Twenty years ago the use of formal logic as a basis for knowledge representation and processing was subject to severe critics, founded not only on problems of expressiveness, but also on problems of running time performance. Since that time the problem of expressivity has been object of intense research, which resulted in extensions and alternative formulations of logics intended to deal with important aspects of “intelligent” systems not dealt with by classical formal logic (the logic underlying purely mathematical reasoning) (Brachman & Levesque, 2004). From the point of view of running time performance, significant advancements have also been achieved (A. Robinson & Voronkov, 2001; Harmelen, Lifschitz, & Porter, 2008), even considering the undecidability of more expressive logics.

Although knowledge expression and processing in the area of artificial intelligence is still subject to intensive research, far from providing the necessary basis for its highest objectives (as the production of intelligent behavior), the last years have seen a growing use of logic based systems for solving many industrial level applications in several domains.
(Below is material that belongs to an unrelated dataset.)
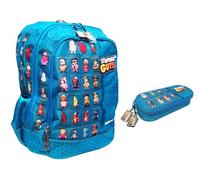 PRESTIGE & DELUXE School Backpack Stumble Guys Blue Round 3 Compartments with Badge - Pool Over + Oval Pencil Case + 7 Erasable Pens and Stumble Guys Key Ring, multi-coloured, standard, classic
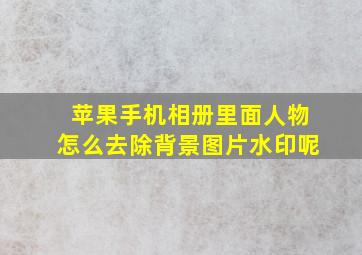 苹果手机相册里面人物怎么去除背景图片水印呢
In this chapter one of the simplest logics from the standpoint of expressivity will be considered: propositional logic. In spite of its simplicity, it is sufficient for the description and solution of an enormous amount of practical problems. Even considering that other logics are more adequate from a notational point of view, in order to have more concise descriptions for certain application classes, in many cases it is possible to produce automatically a translation to propositional logic (Cadoli & Schaerf, 2005; Navarro, 2007).

The justification for using a knowledge processor based on propositional logic, even in some situations where more expressive logics would be apparently more adequate (by having more concise sentences), is that the actual programs for propositional logic processing are so advanced that they allow the solution of many practical problem instances. They are typically not only more efficient than respective programs for other logics, but also than specific programs specially tailored to the application at hand (Gomes, Kautz, Sabharwal, & Selman, 2008).

The idea underlying the use of formal logic for problem solving is to obtain a solution for a problem instance from a given formal specification of the problem expressed in the language of that logic. There are two basic approaches for achieving this goal. In the approach based on proof theory, finding a solution consists of finding a proof for a formula α from a set of formulas Σ. For example, in the problems of software or hardware verification, Σ would be a formal description of an algorithm or a digital circuit and α a property to be verified. Another example: to verify the equivalence of two circuit descriptions given by two formulas α and ß it is sufficient to establish the validity of the formula α↔ß or, in other words, to prove that α ↔ ß follows from the empty set of hypotheses. A huge number of other kinds of problems can be formulated as that of obtaining a proof of a formula (theorem) α from a set of formulas (axioms or hypotheses) Σ (Larry, 1984; Lifschitz, Morgenstern, & Plaisted, 2008).